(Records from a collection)
____________________
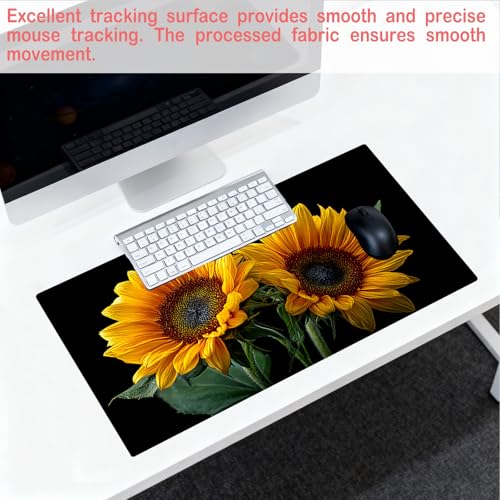 Image of Nuxovilar Professional Large Mouse Pad & Computer Game Mouse Mat (35.4x15.7IN, Bright Sunflower Bouquet Art) (90 * 40cm Sunflower Bouquet)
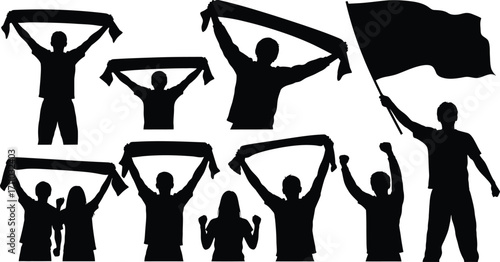 Cheering football (soccer) fans in various celebratory poses, including holding up scarves, waving flags, and raising their arms in excitement silhouette icons. Scarf fan, sports fans, holding flags. 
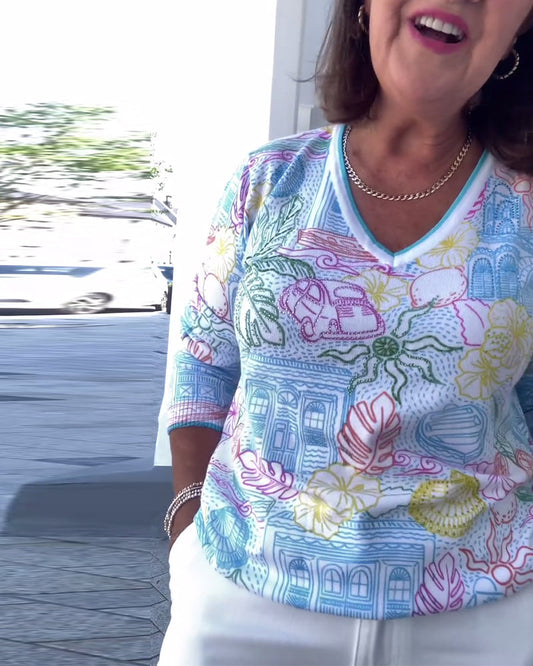 Andrea's™ | Pullover V-Ausschnitt bedruckt modisch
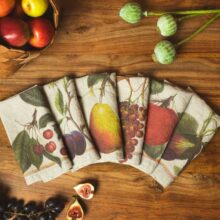 3002SU-OFP6-Linoroom-Napkins-Orchard-Fruits-Vertical-LR1 Linen Fruit Napkins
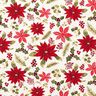 Tissu de décoration Canvas Fleurs d’étoile de Noël – écru/carmin,  thumbnail number 1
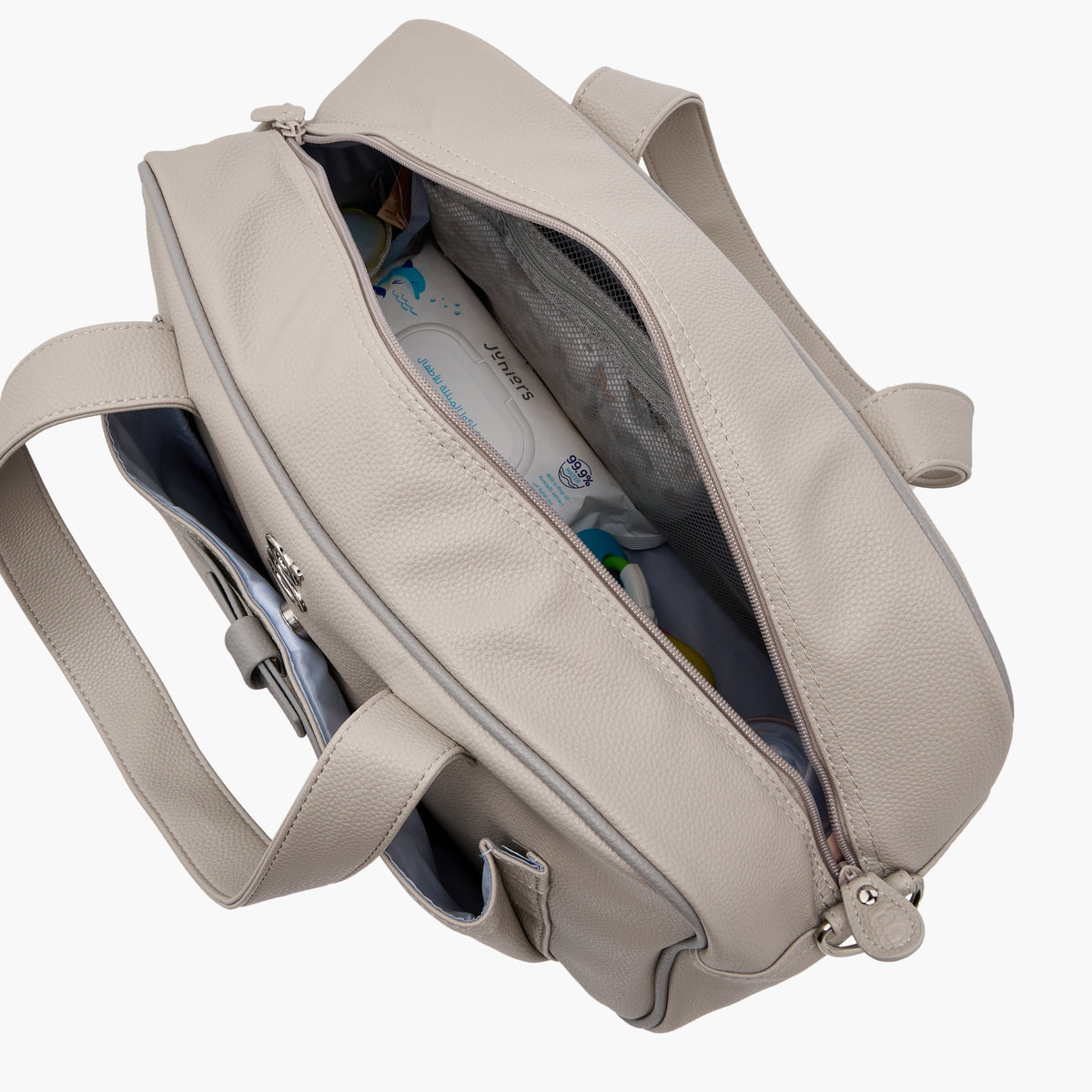 Giggles Solid Diaper Bag with Zip Closure and Double Handle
____________________
◆ TASK TO COMPLETE: Repeat every record precisely. Any picture among them stays out of the copy.

◆ WRITTEN REPLY:
 Image of Nuxovilar Professional Large Mouse Pad & Computer Game Mouse Mat (35.4x15.7IN, Bright Sunflower Bouquet Art) (90 * 40cm Sunflower Bouquet)
 Cheering football (soccer) fans in various celebratory poses, including holding up scarves, waving flags, and raising their arms in excitement silhouette icons. Scarf fan, sports fans, holding flags. 
 Andrea's™ | Pullover V-Ausschnitt bedruckt modisch
 3002SU-OFP6-Linoroom-Napkins-Orchard-Fruits-Vertical-LR1 Linen Fruit Napkins
 Tissu de décoration Canvas Fleurs d’étoile de Noël – écru/carmin,  thumbnail number 1
 Giggles Solid Diaper Bag with Zip Closure and Double Handle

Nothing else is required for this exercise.